* [THE TASK]
Only an exact copy is wanted: the lines from the one holding "Vionise Pierre-Louis" through the last line below, minus the pictures.

* [AVAILABLE DATA]
━━━━━━━━━━
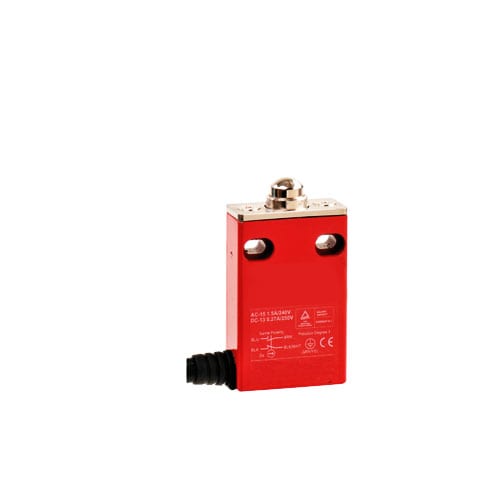 RJSFM-(Cable Entry)-3-31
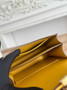 Hermes Constance Epsom Leather 19cm Dark Yellow Gold H082237 - Default Title - View 8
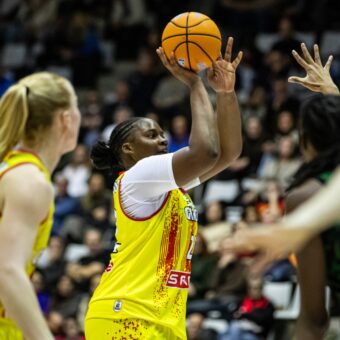 Vionise Pierre-Louis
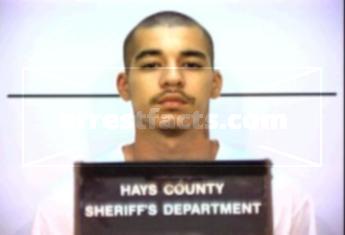 Stephen Daniel Corona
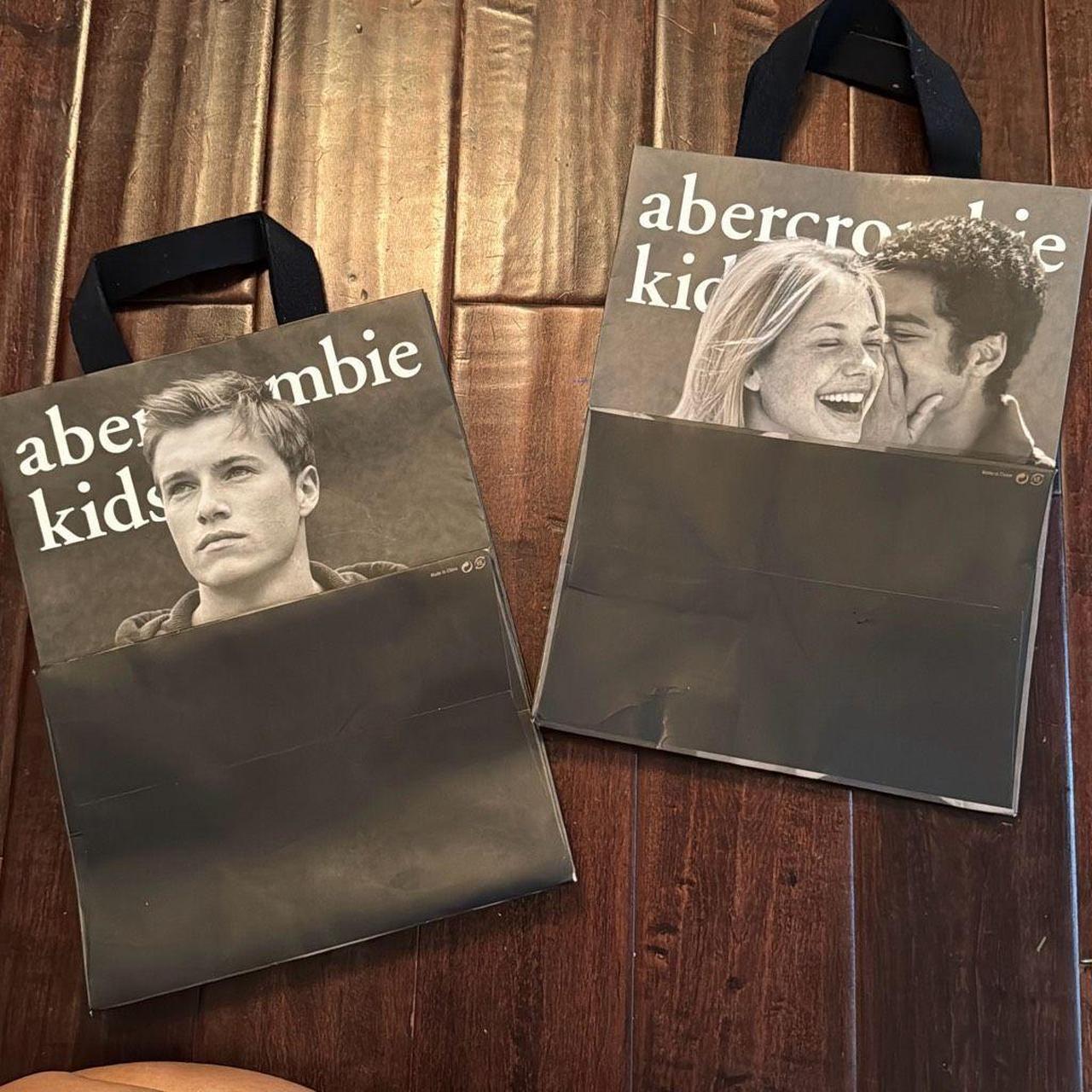 HUGE Abercrombie kids bundle purchases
━━━━━━━━━━
* [YOUR RESPONSE]
 Vionise Pierre-Louis
 Stephen Daniel Corona
 HUGE Abercrombie kids bundle purchases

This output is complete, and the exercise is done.